About halfway through my recent two-week fellowship at Quarry Farm I felt a new affinity with something Mark Twain wrote while perched there “on top of the hill near heaven.”
“I have the feeling of being a sort of scrub angel,” Twain mused, “& am more moved to help shove the clouds around, & get the stars on deck promptly, & keep all things trim & ship-shape in the firmament than to bother myself with the humble insect-interests & occupations of the distant earth.”
Obviously, Quarry Farm was a special place for Mark Twain. For over twenty years, Twain and his family summered there at the home of his sister-in-law Susan and her husband Theodore Crane. His octagonal study, where he wrote many of his classics, was a short walk from the farmhouse to its celestial perch overlooking the city of Elmira and the Chemung River Valley.

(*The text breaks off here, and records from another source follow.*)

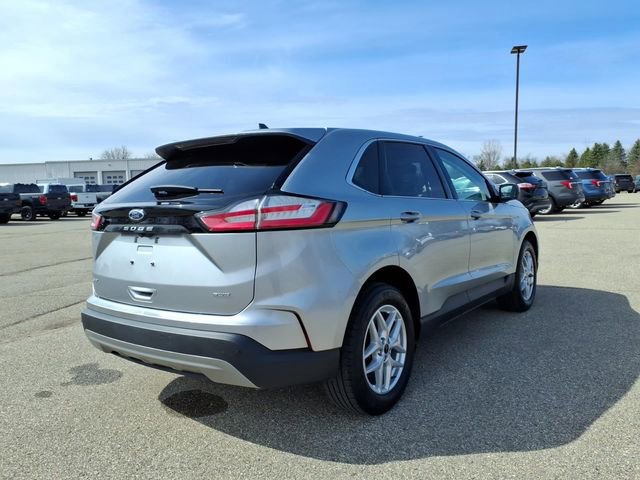 Certified 2023 Ford Edge SEL w/ Convenience Package AWD/4WD image 4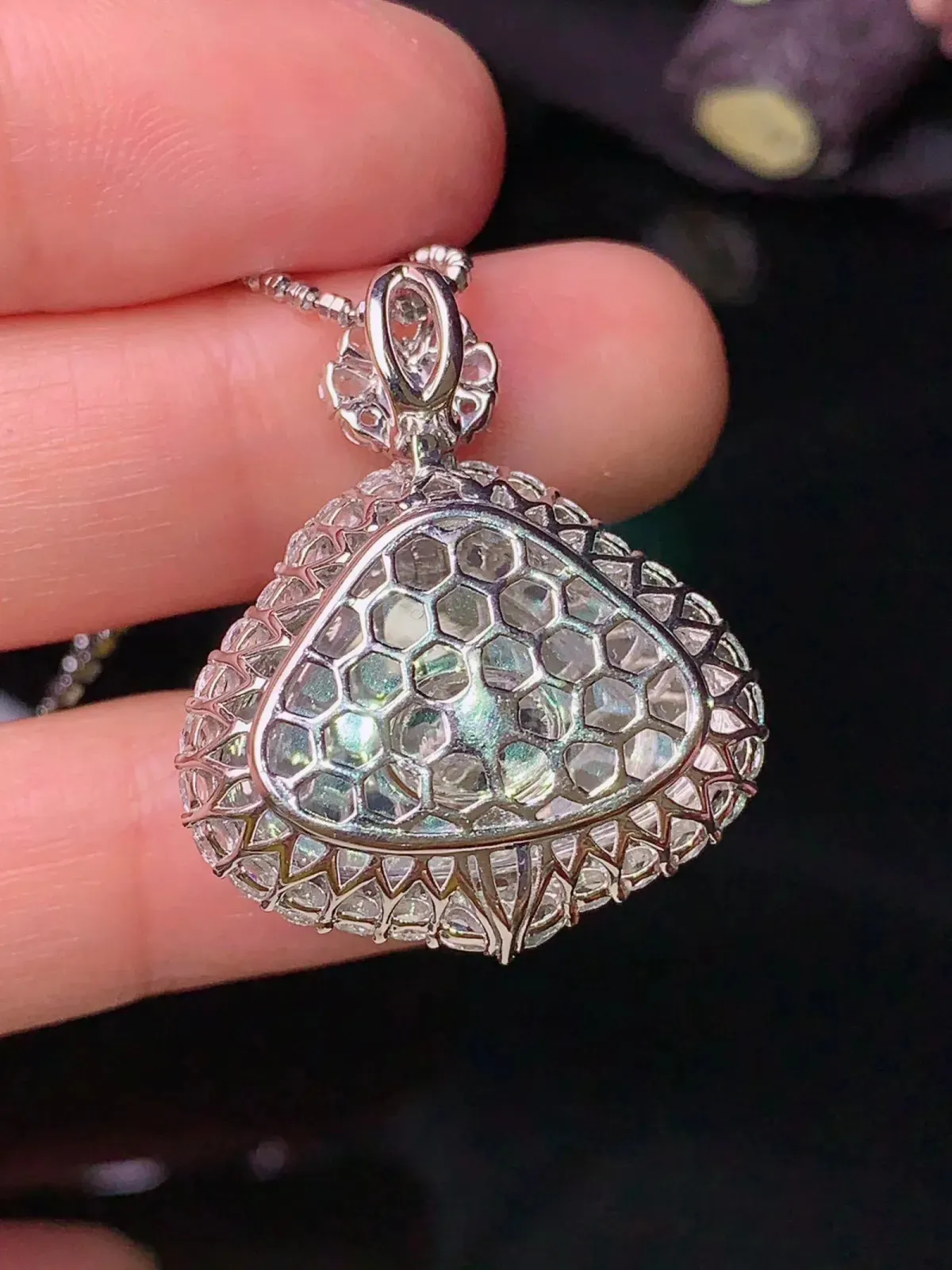 18k金钻镶嵌黄翡佛公吊坠 玉质细腻 色泽艳丽 整体尺寸29.6*24.5*13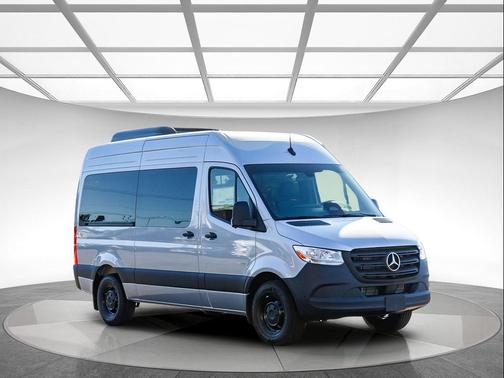 2025 Mercedes-Benz Sprinter 2500 Standard Roof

The study can now be found down on Elmira College’s campus, the spot where it used to sit is mostly overgrown with trees these days.
It is still possible, however, to experience something like Twain’s scrub-angel epiphany at Quarry Farm. After a day there devoted to writing, sitting in a rocking chair on the front porch—taking in the scenic view of distant earth below and listening to the wind bloweth where it listeth through the trees—I felt a sincere “Amen” to Twain’s homily might be order.
What I heard instead was a cat’s thunderous meow.
That’s when I saw a black-and-white, bobtailed feline with emerald eyes sauntering across the porch toward me. With a sudden, acrobatically impressive back roll onto my foot, the cat lay supine looking up at me, letting me know I was to pay homage to him (or her…I didn’t ask what the cat’s pronouns were).
As I was petting my new furry friend (whom I dubbed Bob due to his or her tail, or lack thereof), it occurred to me that another bit of Quarry Farm’s Mark Twain lore (his love of cats) had manifested for me in purring fur ball at my feet.
Bob fit right in with Quarry Farm’s heavenly firmament. In A Connecticut Yankee in King Arthur’s Court, Twain observed that “these graceful and harmless cats would easily become as sacred as any other royalties, and indeed more so…and must be worthy of a deeper love and reverence than the customary human king, and would certainly get it.”
Twain is known for his general love of animals, of course. But, as confirmed by several photos of him at Quarry Farm and elsewhere striking fond poses with a beloved cat, Twain had a special soft spot in his curmudgeonly heart for these enigmatic animals.
Susy Clemens wrote in her biography of her father that: “The difference between papa and mama is, that mama loves morals and papa loves cats.”
Not that there was a dichotomy for Twain between morality and cats. It’s just that cats embodied a code far more fitting for a place “on top of the hill near heaven.” In 1906, Twain noted how the qualities of a cat named Sour Mash exemplified this code:
I had a great admiration for Sour Mash, and a great affection for her, too. She was one of the institutions of Quarry Farm for a good many years. She had an abundance of that noble quality which all cats possess, and which neither man nor any other animal possesses in any considerable degree – independence. Also she was affectionate, she was loyal, she was plucky, she was enterprising, she was just to her friends and unjust to her enemies — and she was righteously entitled to the high compliment which so often fell from the lips of John T. Lewis — reluctantly, and as by compulsion, but all the more precious for that: “‘Other Christians is always worrying about other people’s opinions, but Sour Mash don’t give a damn.’”
Or perhaps she only gave a damn about things that ultimately matter.
That’s the attitude Bob (or whatever your deep and inscrutable singular name—ala T.S. Eliot—really is) and my stay at Quarry Farm instilled in me, if only for that time spent so close to heaven.